Someone once said that there is less in Billy Wilder than meets the eye. But actually there is more. What meets the eye is usually pretty good. But it is often what meets the ear that's just as important. Where would Double Indemnity, Sunset Boulevard and Some Like It Hot be without their scripts, fashioned by him and marvellous writers like Charles Brackett, IAL Diamond and, in the case of Double Indemnity, Raymond Chandler?
What Wilder contributed was an ironic Viennese mordancy that is frequently copied today without the slightest idea of how to accomplish it properly, so that it all becomes parody.
Double Indemnity is a classic 40s film of the sort that couldn't be made now without self- consciousness. Taken from James M Cain's work, and actually made a good deal better by Chandler, who used to call Cain "a Proust in overalls", it has the inimitable Fred MacMurray as an insurance agent seduced by Barbara Stanwyck's femme fatale in order to dispose of her husband for the "double indemnity" insurance money.

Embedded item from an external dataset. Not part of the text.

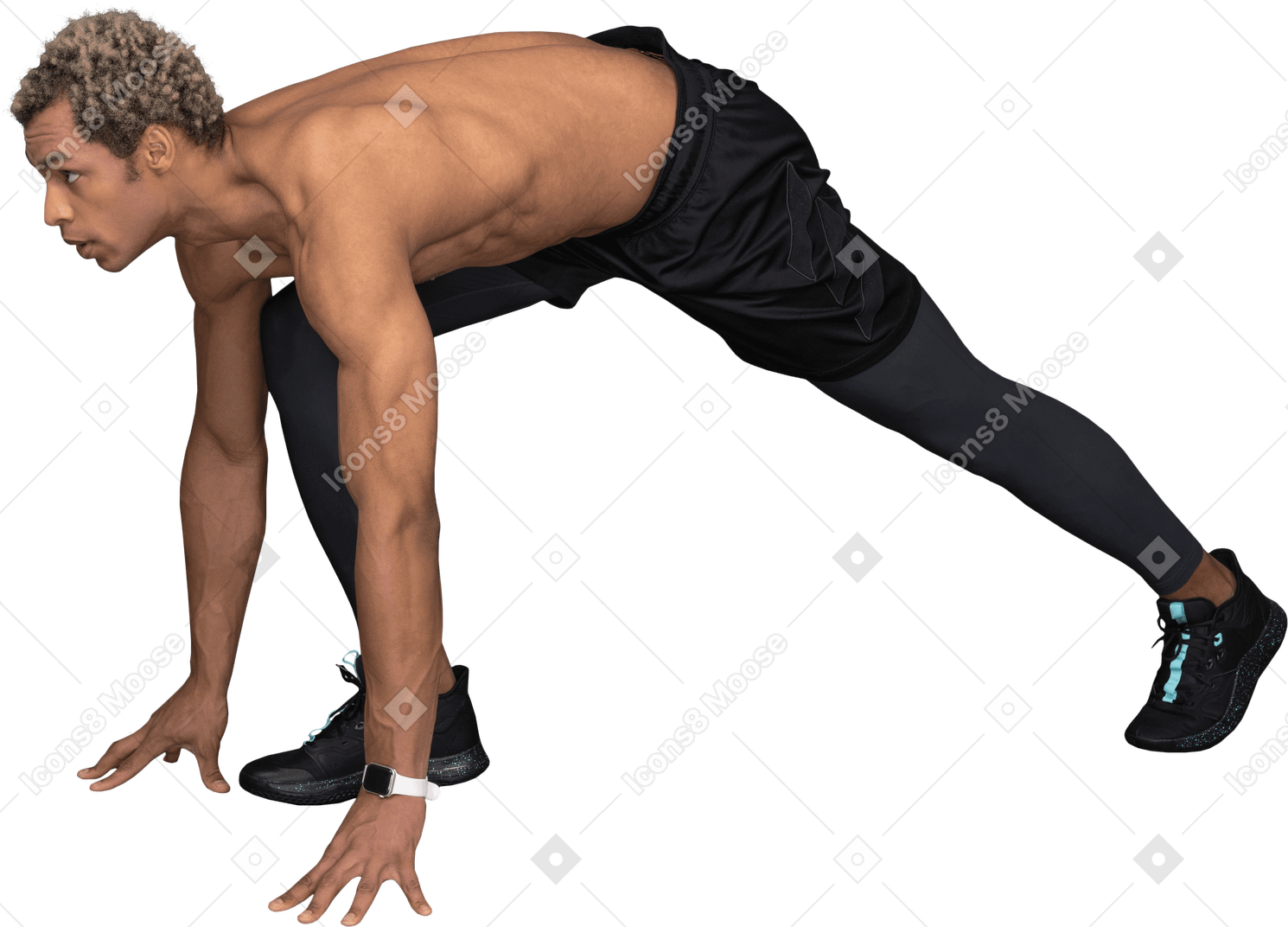 Vista lateral de un velocista de piel oscura sin camisa listo para correr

The two work out a complicated scenario, which, after the death of the husband, is gradually uncovered by Edward G Robinson's private investigator. It isn't sexy, like The Postman Always Rings Twice, which Wilder always said was his model or testimonial. That wasn't possible in 1944 if you wanted to make a commercial movie that didn't worry the Paramount executives and, anyway, Wilder was invariably as interested in what might get him into trouble as in his dialogue.
The film is marvellously acted, particularly by MacMurray, who was so often cast in relatively anodyne romantic roles that his all-American wholesomeness could become cloying. Here that persona was brilliantly exploited to show us the weakness behind it. Wilder always depended upon his casts because sometimes the characterisation wasn't as sharp as the dialogue.

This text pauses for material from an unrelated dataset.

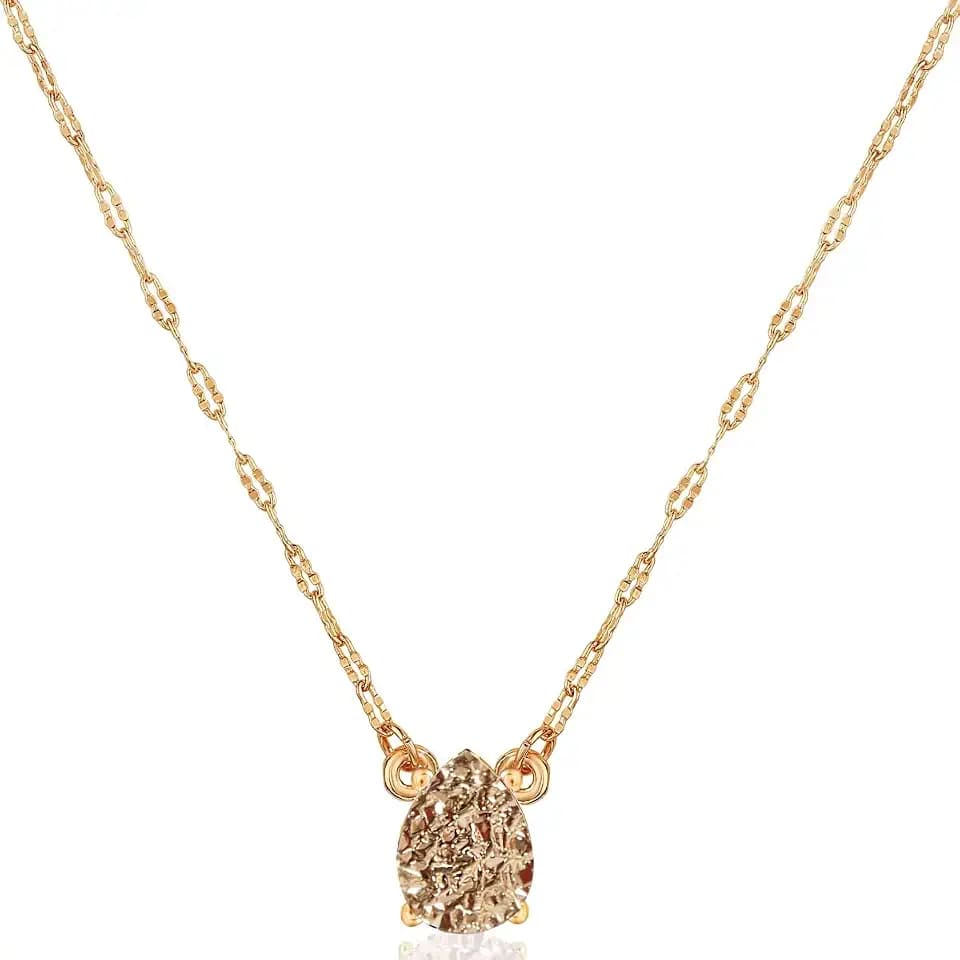 Simulated Druzy Teardrop Necklace - Delicate Dainty Boho Chain Necklace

Another factor that makes Double Indemnity exceptional is its humour and lightness of touch, which prevent what is a decidedly dark tale, illustrated by Miklos Rozsa's superb score (based on César Franck) subsiding into melodrama.
The scene where the insurance man first meets Stanwyck - he's trying to persuade her husband to renew his motor policy - has her at the top of the stairs dressed only in a towel. Eyeing her with some interest, he says: "I'd hate to think of you getting a scratched fender when you're not covered." Stanwyck replies: "I know what you mean. I've been sunbathing." "Hope there weren't any pigeons around," he replies.
Later, the world-weary, Marlowe-like voiceover proclaims, as he drives away from the encounter: "It was a hot afternoon and I can still remember the smell of honeysuckle all along that street. How could I have known that murder can sometimes smell like that?"
Wilder once proclaimed Double Indemnity his best film. Asked why, he said: "It had the fewest mistakes." He was probably right.